We got a Spielberg film just last December (although for most it was just a couple of months ago in January), but "The Post" despite clearly being made by Spielberg, doesn't need to be a Spielberg film. "ready Player One" on the other hand, seems to demand the hand of the master on the controller. This is a meta exercise in nostalgia, both for the period of time and for the kinds of films that Spielberg used to make. Lucky for us, it mostly works and the reason is Spielberg himself.

The book that the film is based on is a pastiche of ideas and images and memories from a million minds of gamers. It was primarily a tool for reliving the joy that comes from mastering a new game and solving a puzzle. Since the gaming industry was born and thrived in the 1980s, it also is rich in the music and films of the times. The conceit is simple, this movie is a race between lonely souls who have moved out of the real world and a mega corporation that wants to control the environment that they have all moved to. The competitions are laden with the kinds of pop references this generation of geeks will appreciate.

Ernest Cline's novel is much darker than this popcorn fueled entertainment. A pop culture geek himself (he wrote the movie"Fanboys"), Cline saw the limitations on social interactions that living in virtual reality held. The specter of a new form of debtors prison, hovers over an environment where fantasy role playing has replaced real intimacy. The villain in the book is much less cartoonish than the ultimately feckless Ben Mendelsohn of the film.   The problems faced by the competitors were often mundane and repetitive, as many of the games being saluted were. It takes someone with a lot of patience and time to master some of the ideas that hardly seem worth mastering in the first place. Spielberg with the help of co-screenwriter Zak Penn, has refocused the story to celebrate the pop culture more than the dark under current in the story.

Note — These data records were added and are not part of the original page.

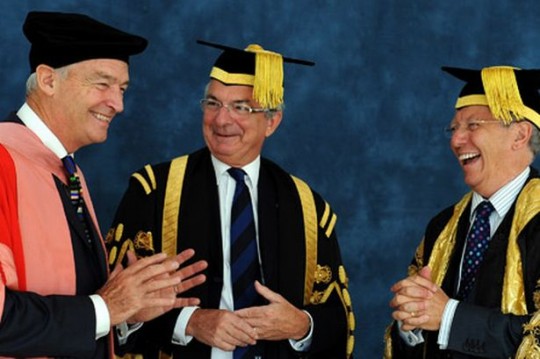 UoL VC Sir Howard Newby "lolling" at his new salary
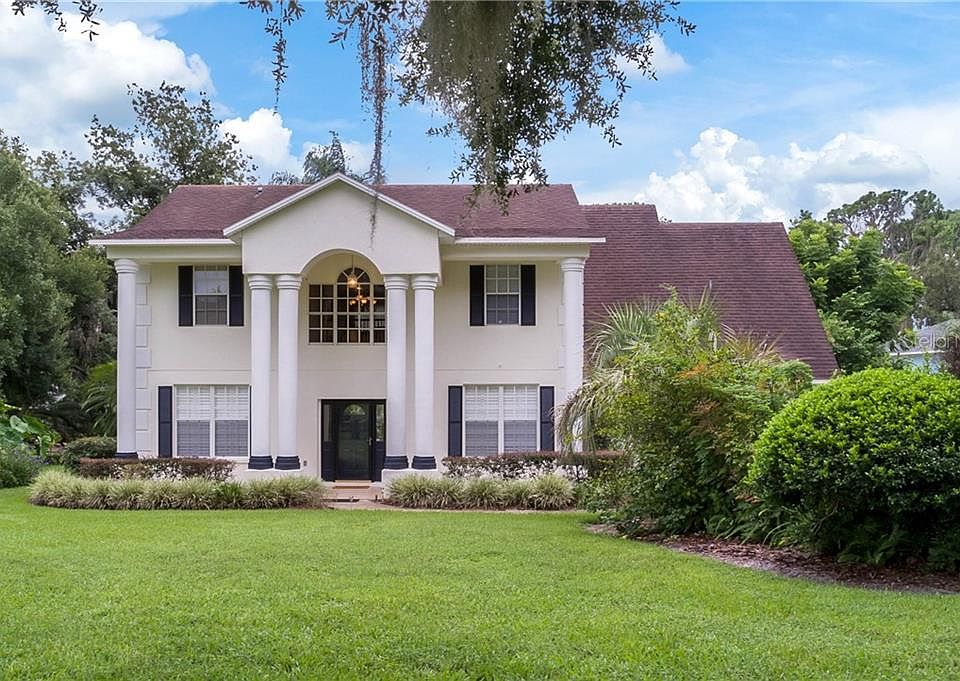 1st image of 15701 Acorn Cir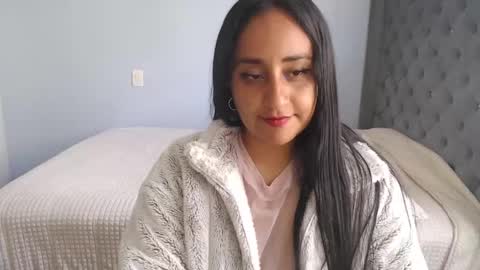 Snapshot of xxxvenus888 chatting on September 2025 06:08:02 PM Lunhaa online show from September 2025 06:08:02 PM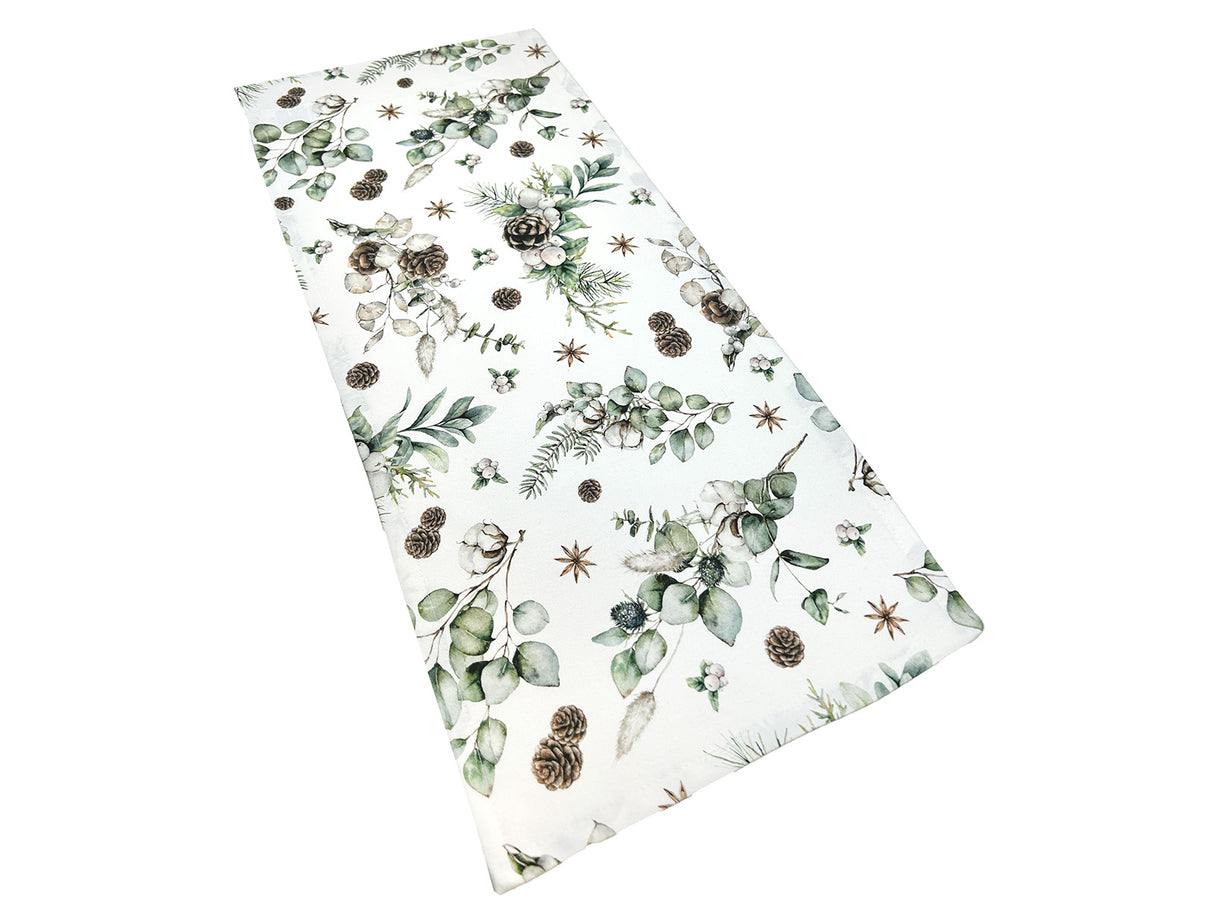 XS Tischläufer ca. 32x74 cm – Winterdeko mit Tannenzapfen – 100% Baumwolle – aus der beties Kollektion, Magie des Winters "Moggl"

In the first chase in the story, we are introduced to the three main characters as they dash madly through a race that looks like a combination of Mario Kart and Grand Theft Auto. The motorcycle from "Akira" and the DeLoren from "Back to the Future" are driven by the future romantic couple and each has their own way of challenging the game. The chase though is typical Spielberg, it is frenetic but still comprehensible.  As usual, there is always one more piece of dramatic business to stretch out the tension of a scene. The events are so meta that he even lampoons himself with a reference to Jurassic Park as well as a few films he had a hand in as producer.

How could it not be a Spielberg film when the cinematography was done by the artist that Spielberg has worked with 18! times over the last thirty years. Janusz Kaminski is responsible for the look of so many Spielberg films that he might just be his shadow. The one thing that is missing that would put the nail in the coffin is a John Williams score. We get a vigorous but clearly 80s style theme from Alan Silvestri, veteran of "Back to the Future", "Amazing Stories" and a couple of upcoming films in the MCU. Oh, he also scored the "Super Mario Bros. Movie".

The changes lead to a more audience friendly experience. There are more movie references than video game Easter Eggs (although there are plenty of those). A 70s guy like me appreciated the music selection for the nightclub scene and if you like "The Shining" it replaces "War Games" as the main film sequence with a completely different take on the process. Also, there are fewer deaths of heroes in the movie. It is a cinematic stew of epic proportions.

Characterization and subtext are mostly lost with this film interpretation but it makes up for those points by always being visually stimulating. It does not have the resonance of an Indiana Jones or E.T., but it will entertain you for two plus hours and that time goes by quickly. The presence of Simon Pegg and Mark Rylance as secondary figures also adds to the depth of the film, but if deep is what you are looking for, go back and watch "Lincoln". Until the next Indiana Jones film, this is as close to classic Spielberg as you are likely to get, and that is pretty darn close.